Each line from the one containing "Samsonite Trolley XL Intuo Spinner Exp. 81 cm - 1 Samsonite" through the last line of the data below should be printed exactly, please, with any pictures omitted.

Stored data:

----------

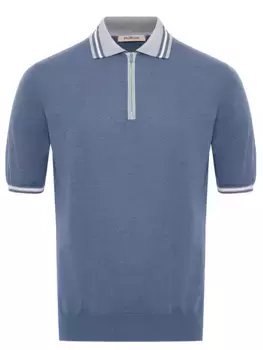 Поло хлопковое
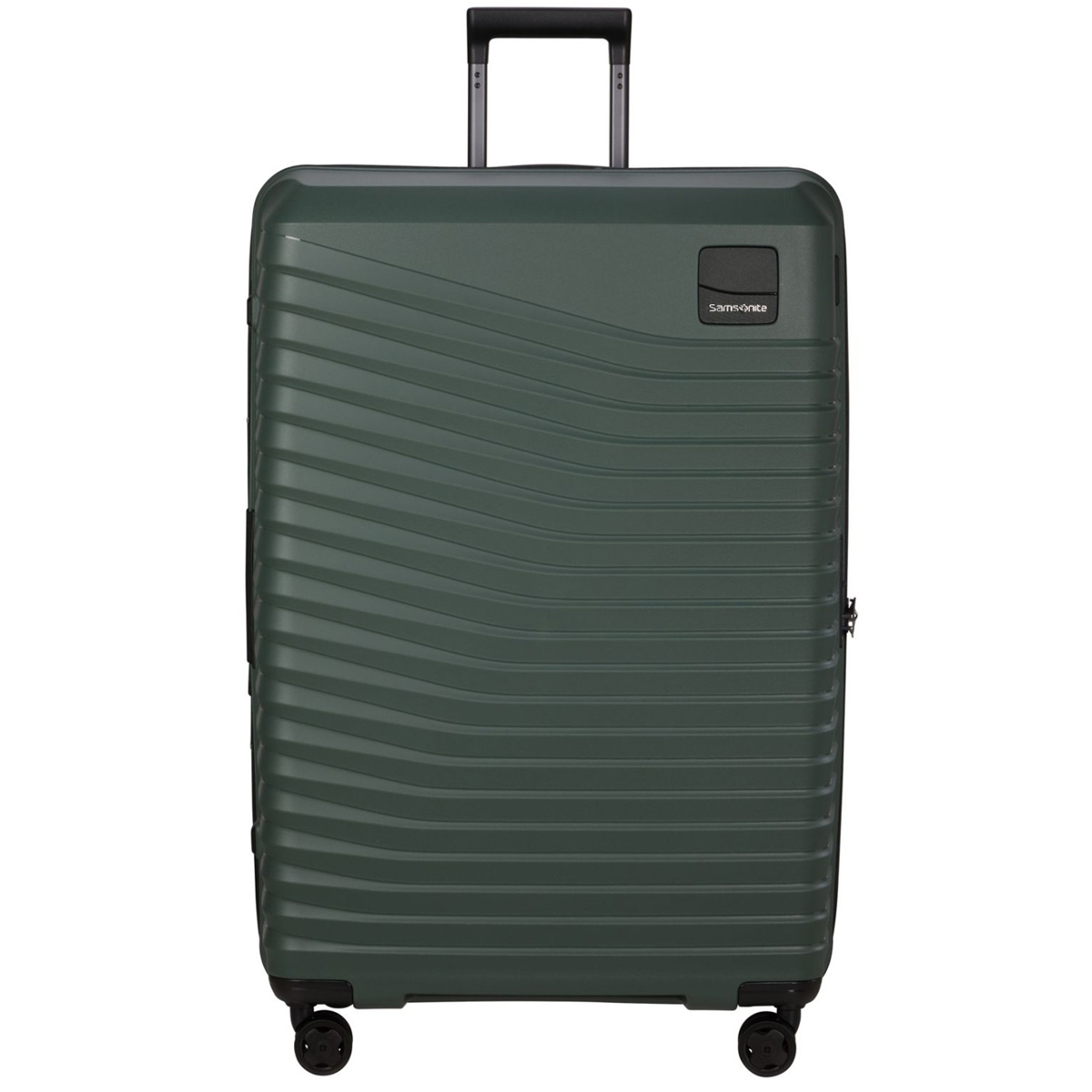 Samsonite Trolley XL Intuo Spinner Exp. 81 cm - 1 Samsonite Trolley XL Intuo Spinner Exp. 81 cm - 1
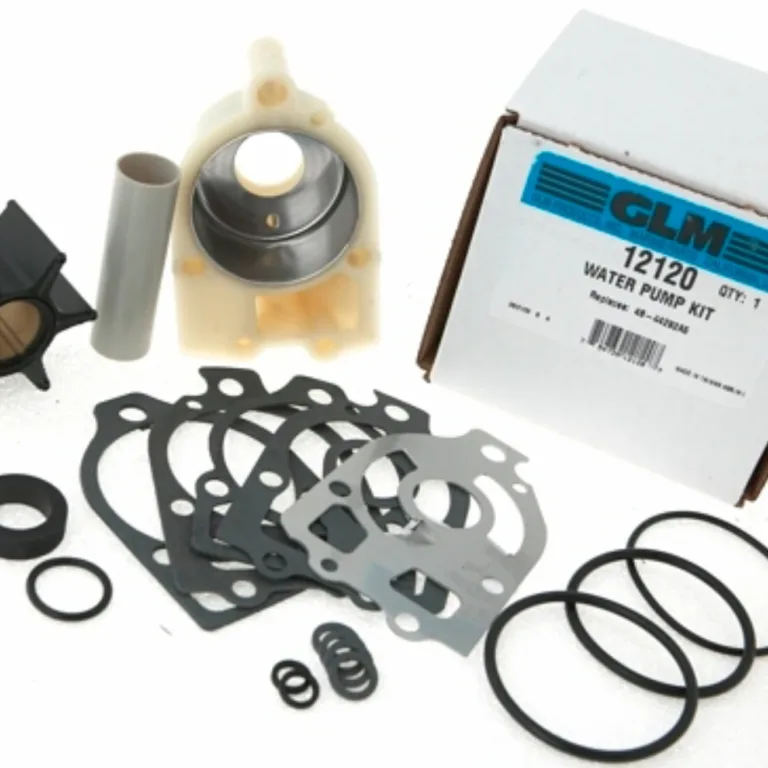 Renoveringssats vattenpump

----------

Result for this exercise:
 Samsonite Trolley XL Intuo Spinner Exp. 81 cm - 1 Samsonite Trolley XL Intuo Spinner Exp. 81 cm - 1
 Renoveringssats vattenpump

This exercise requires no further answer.